Management of acute kidney injury in patients with COVID-19

Abstract

The outbreak of coronavirus disease 2019 (COVID-19) has rapidly evolved into a global pandemic. Most patients with COVID-19 have mild symptoms, but about 5% develop severe symptoms, which can include acute respiratory distress syndrome, septic shock, and multiple organ failure. Kidney involvement is frequent, with clinical presentation ranging from mild proteinuria to progressive acute kidney injury (AKI) necessitating renal replacement therapy (RRT). An understanding of the pathophysiology and mechanisms of kidney damage and AKI in the setting of critical illness and COVID-19 is emerging, although further research is needed to identify patients at risk of AKI and to guide management strategies.

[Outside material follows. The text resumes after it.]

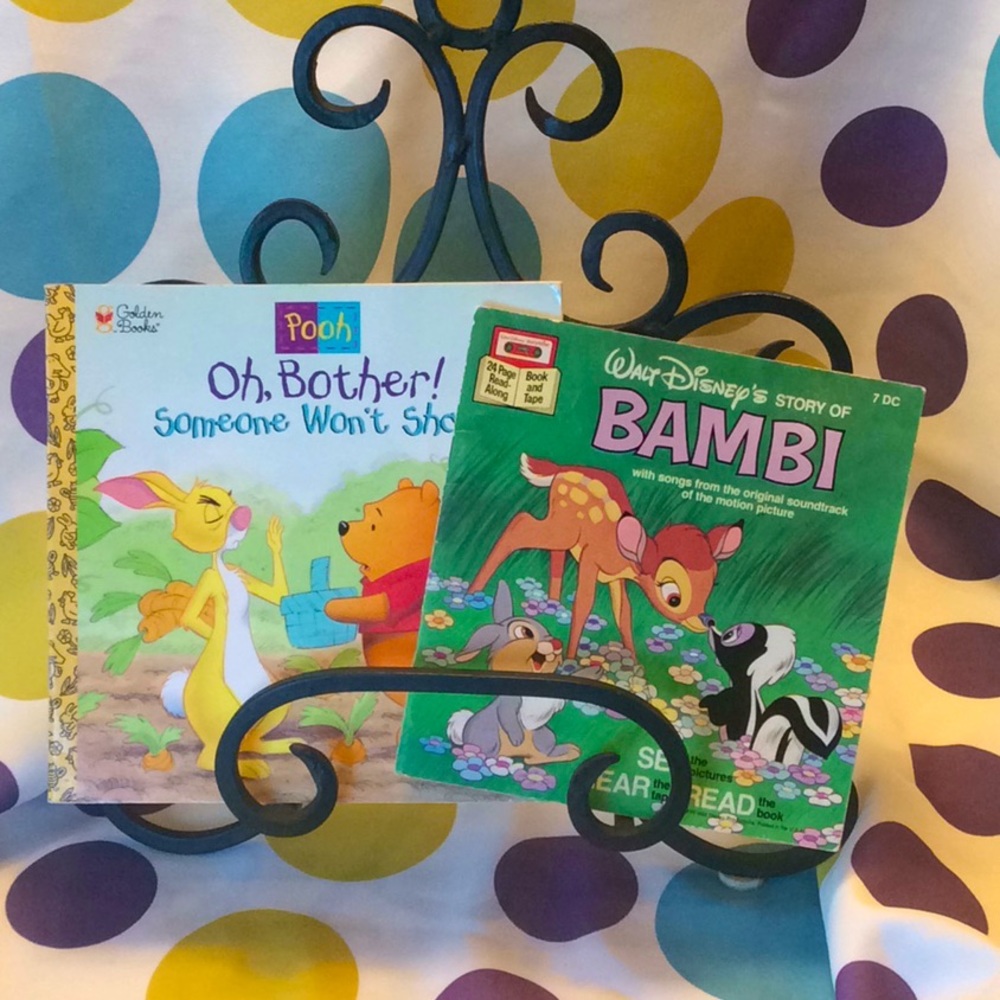 Pair of children Pooh golden book and Bambi EUC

As no specific treatment options exist for AKI secondary to COVID-19, intensive care is largely supportive. Current approaches to prevention and management of AKI, and identification of potential indications for use of RRT and sequential extracorporeal therapies, are based mainly on clinical experience, and AKI strategies are adapted empirically to patients with COVID-19. International collaborative and cross-disciplinary research is needed to obtain adequate evidence to support current clinical approaches and to develop new approaches to management.

Figure 1

Acute kidney injury in COVID-19 Multiple dependent pathways in the setting of COVID-19 increase the risk of acute kidney injury. The possible haemodynamic, proinflammatory, and proapoptotic consequences of lung inflammation, cytokine release syndrome, and hypercoagulability on renal function, and potential organ support options, are shown. ARDS=acute respiratory distress syndrome. COVID-19=coronavirus disease 2019. DAMPS=damage-associated molecular patterns. ECMO=extracorporeal membrane oxygenation. IL=interleukin. SARS-CoV-2=severe acute respiratory syndrome coronavirus 2. TNF=tumour necrosis factor.

Figure 2

Management of acute kidney injury necessitating renal replacement therapy in patients with COVID-19 Management recommendations focus on AKI in COVID-19 rather than usual practice for AKI, and are based largely on our clinical experience. All therapeutic options need to be tested in rigorous studies and ideally randomised trials in the context of COVID-19. In the absence of specific therapies, all options should be considered according to each patient's needs. The extracorporeal therapies included in the figure for consideration can be complementary to pharmacological support. The activity targets for anticoagulant therapy are indicative only and should be tailored to each patient's characteristics and clinical condition. The general principle is that maximal anticoagulation should be achieved in the extracorporeal circuit with minimal systemic effects; if systemic anticoagulation is indicated, an integrated prescription should be considered. *These treatments might be indicated in special cases in which immunodysregulation is evident, inflammatory parameters or cytokines are elevated, and other supportive therapies are failing or insufficient; haemadsorption can be achieved with haemoperfusion or CRRT with membranes with high adsorption properties. AKI=acute kidney injury. Anti-Xa=anti-factor Xa. aPTT=activated partial thromboplastin time. Ca²⁺=ionised calcium. COVID-19=coronavirus disease 2019. CRRT=continuous renal replacement therapy. CVVHD=continuous veno-venous haemodialysis. CVVHDF=continuous veno-venous haemodiafiltration. ECCO₂R=extracorporeal carbon dioxide removal. ECMO=extracorporeal membrane oxygenation. HCO=high cutoff. LMWH=low-molecular-weight heparin. MCO=medium cutoff. RCA=regional citrate anticoagulation. RCTs=randomised controlled trials. RRT=renal replacement therapy. UFH=unfractionated heparin.